We usually ignore the denominator (i.e. the normalizing constant) as we are only concerned with optimization here, so proportionality is sufficient.

If we replace the likelihood in the MLE formula above with the posterior, we get:

\begin{align} \theta_{MAP} = \underset{\theta}{\operatorname{argmax}}P(X | \theta)P(\theta) \end{align}

Following same line of reasoning as we used for MLE calculation, we can take the log of this function

\begin{align} \theta_{MAP} = \underset{\theta}{\operatorname{argmax}}\log P(X | \theta)P(\theta) \end{align}

\begin{align} \theta_{MAP} = \underset{\theta}{\operatorname{argmax}} \log \underset{i}{\operatorname{\prod}} P(x_i | \theta)P(\theta) \end{align}

\begin{align} \theta_{MAP} = \underset{\theta}{\operatorname{argmax}} \underset{i}{\operatorname{\sum}} \log P(x_i | \theta)P(\theta) \text{ - (According to log properties)} \end{align}

So this is our MAP equation.

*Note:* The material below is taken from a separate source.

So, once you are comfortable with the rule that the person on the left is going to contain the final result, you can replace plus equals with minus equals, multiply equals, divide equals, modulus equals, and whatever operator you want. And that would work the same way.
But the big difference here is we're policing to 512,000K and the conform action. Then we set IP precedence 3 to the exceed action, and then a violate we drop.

Comparing this with MLE , the key difference is the prior $P(θ)$, otherwise they are identical.

With MAP, the likelihood is weighted with some weight coming from the Prior $P(θ)$.

The Beta Prior

We can choose the simplest prior in our MAP estimation, i.e. uniform prior. This means, we assign equal weights everywhere, on all possible values of the θ. Below is an exmaple of a uniform prior ( A Beta Distribution ) showing equal outcomes for a values of theta.

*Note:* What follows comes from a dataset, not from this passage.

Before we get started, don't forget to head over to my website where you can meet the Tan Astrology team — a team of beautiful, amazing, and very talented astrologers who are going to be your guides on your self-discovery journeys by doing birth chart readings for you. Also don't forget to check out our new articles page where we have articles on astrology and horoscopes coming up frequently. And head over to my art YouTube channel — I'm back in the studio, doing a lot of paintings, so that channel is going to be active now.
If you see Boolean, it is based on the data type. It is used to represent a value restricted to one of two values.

The implication is that the likelihood is equivalently weighted by some constants. Being constant, we could be ignored from our MAP equation, as it will not contribute to the maximization.

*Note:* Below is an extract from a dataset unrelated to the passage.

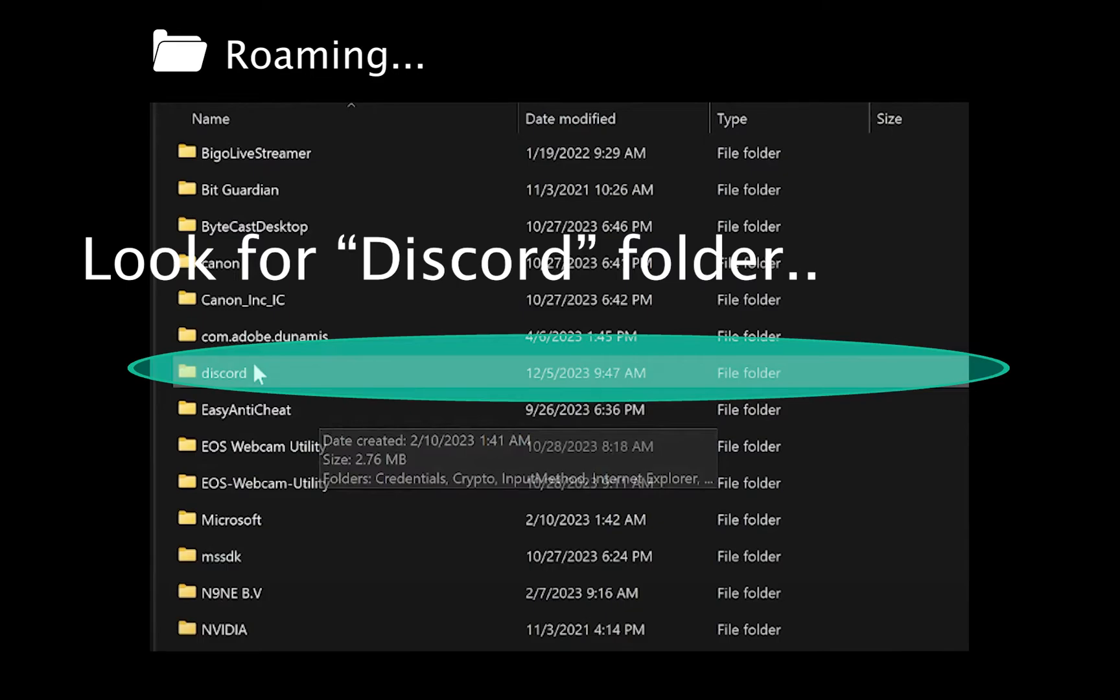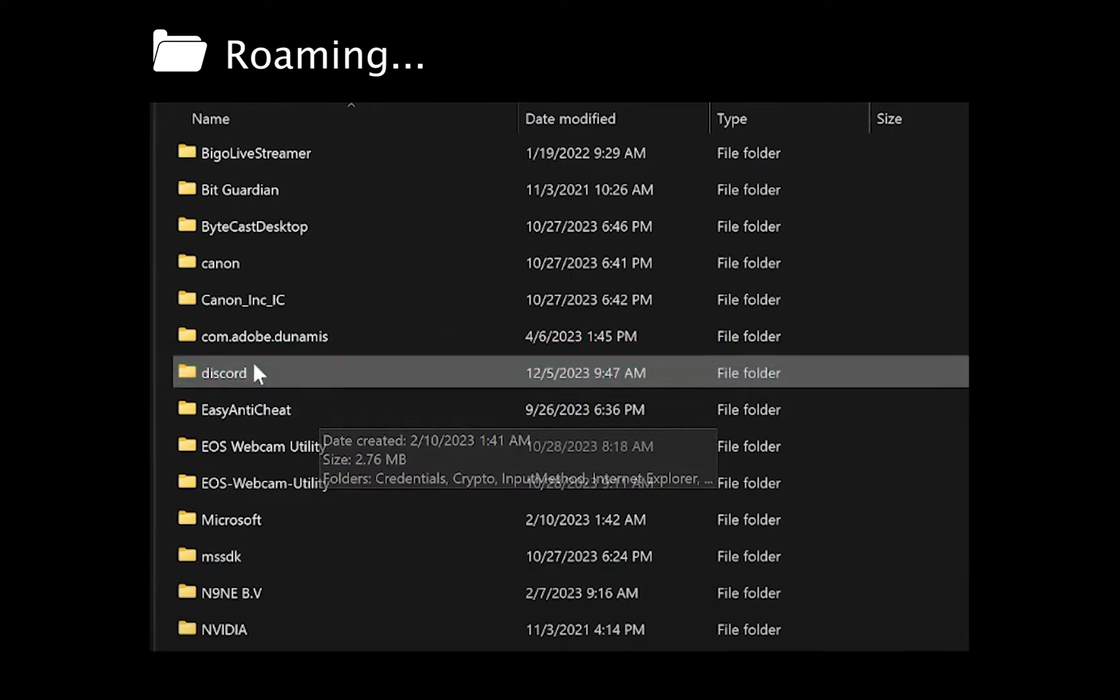Okay, so now what you want to do is right-click on this folder and delete it.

We can be more precise by assigning six possible values into θ. Now, our prior P(θ) is 1/6 everywhere in the distribution. And consequently, we could ignore that constant in our MAP estimation.

\begin{align} \theta_{MAP} = \underset{\theta}{\operatorname{argmax}} \underset{i}{\operatorname{\sum}} \log P(x_i | \theta)P(\theta) \end{align}

\begin{align} = \underset{\theta}{\operatorname{argmax}} \underset{i}{\operatorname{\sum}} \log P(x_i | \theta)constant \end{align}

\begin{align} = \underset{\theta}{\operatorname{argmax}} \underset{i}{\operatorname{\sum}} \log P(x_i | \theta) \end{align}

\begin{align} = \theta_{MLE} \end{align}

So thats our MLE equation again. While using a different prior, say, a Gaussian, our prior is not constant anymore due to the density curve, as depending on the region of the distribution, the probability is high or low, never always the same.

We can conclude:

MLE is a special case of MAP, where the prior is uniform

Additional Resources

ML, MAP, and Bayesian — The Holy Trinity of Parameter Estimation and Data Prediction - An Excellent reference document for parametric estimations with well summarized and structured information.

Summary

In this lesson we looked at the MAP estimation technique and how it relates to MLE. We saw how we can add knowledge to a Bayesian estimation using the prior P(A). We looked at how if for prior, we use a uniform beta distribution, the MAP calculation becomes as simple as just MLE. We shall see in more learning experiments how these ideas manifest themselves repeatedly to help us simply our calculations towards the "Learning" phase of "Machine Learning".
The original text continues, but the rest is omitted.